Which / when Health care services are exempted and when not exempted ?

  1. Ref :- 2019-TIOL-430-AAR-GST

Applicant :- Baby Memorial Hospital Ltd ,

By Kerala Authority for Advance Ruling

  1. Background:-

Baby Memorial Hospital Ltd , Kozhikode (BMHL for brief)  is a multi-speciality hospital engaged in providing following health Care Service to patients , supply of medicines ,and other allied services. The hospital has necessary infrastructure, its own pharmacy within the premises, clinical Laboratory, X Ray and Scanning facility, ambulance services, dietary services etc.

The patients receiving such supply of goods and or services are categorised into: –

  1. “inpatient”. The inpatient is provided with supplies like professional advice, Pathological diagnosis, consultations by Doctors, treated with prescribed medicines, stay facilities, supply medicines from its own pharmacy, consumables, implants, dietary food and other surgeries / procedures required for treatment are carried out.
  2. “outpatient”. The outpatient is provided with professional advice, diagnosis, consultations and treated with prescribed medicines, which can be bought at the pharmacy in the hospital.
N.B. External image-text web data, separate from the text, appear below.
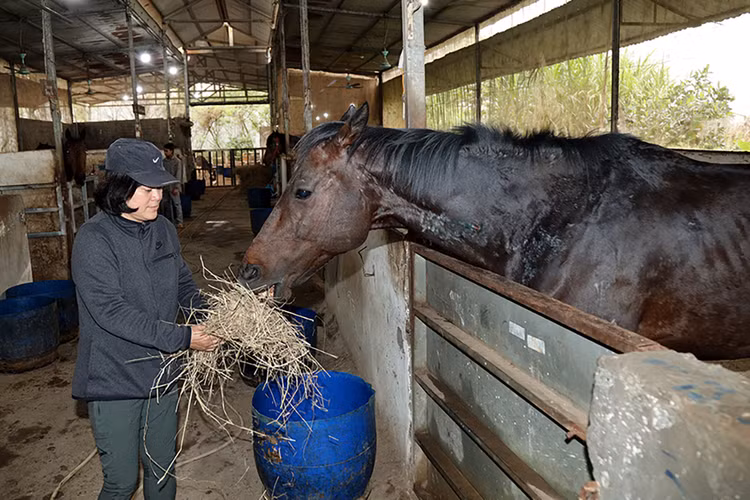 Thức ăn cho ngựa chủ yếu là cỏ, cùng cám tổng hợp để bổ sung vitamin.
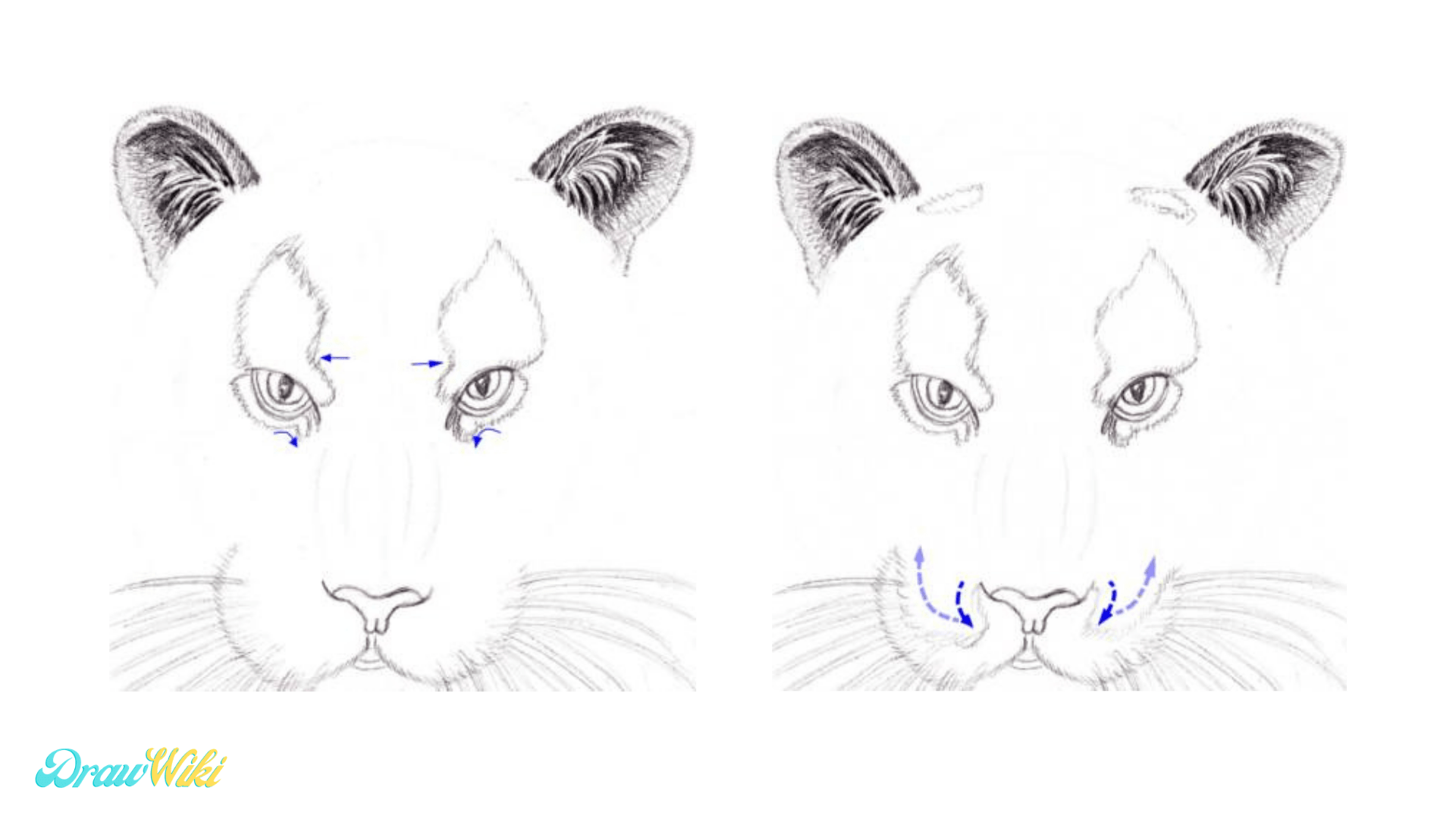 Step 11:  Draw White Fur Pattern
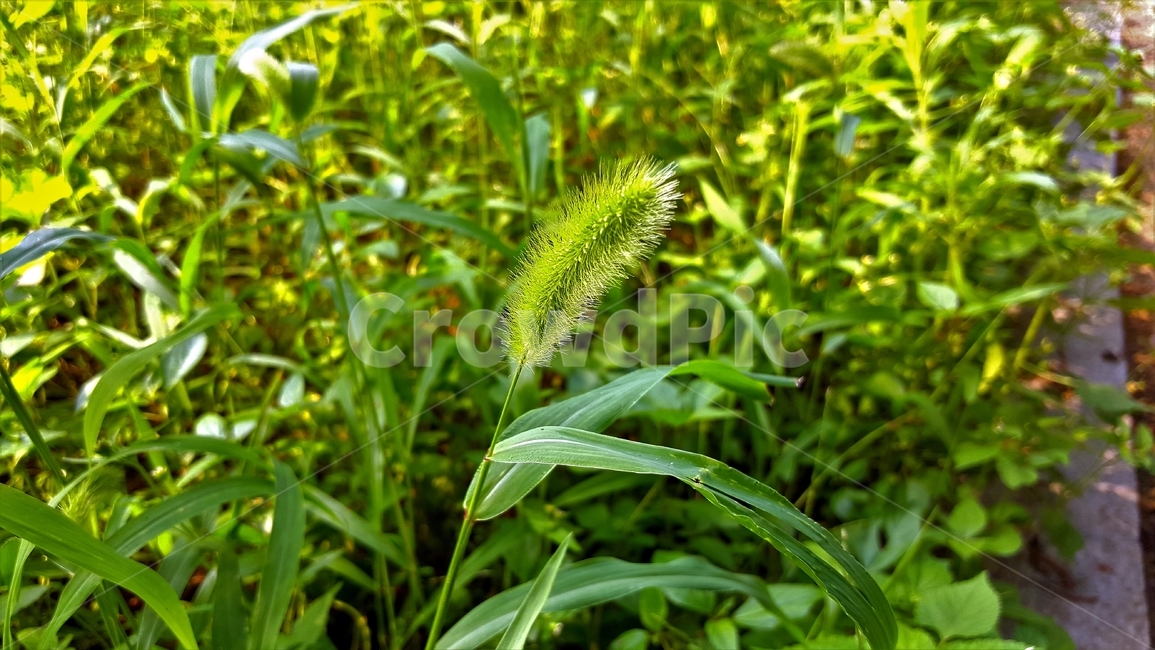 강아지풀,자연,식물,foxtail,plant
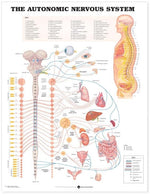 Wolters Kluwer Autonomic Nervous System Anatomical Chart 9781587790010 - 1.0 Each
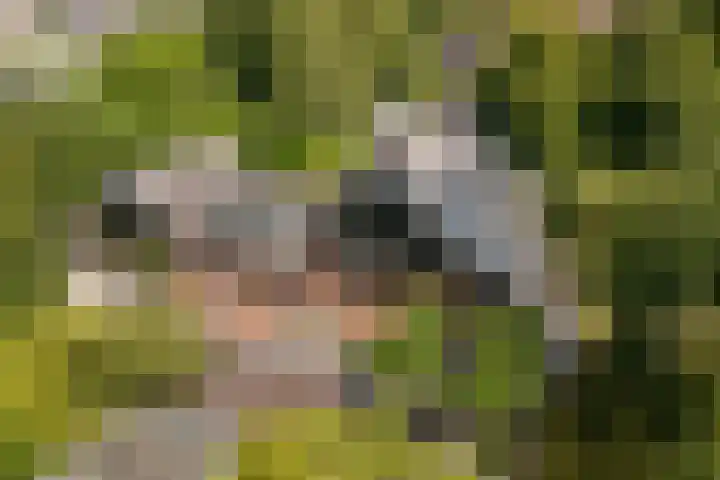 Stienikkers 2 Workum thumbnail 57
From the above facts it is clear that in case of both the “inpatient” and “outpatient” though health care service is provided, each item individually comes under different tax rates. Hence clarity was sought from the Advance Ruling to know whether these supplies are to be taxed as per their individual rates or are iable to be taxed considering the same as “composite supply”.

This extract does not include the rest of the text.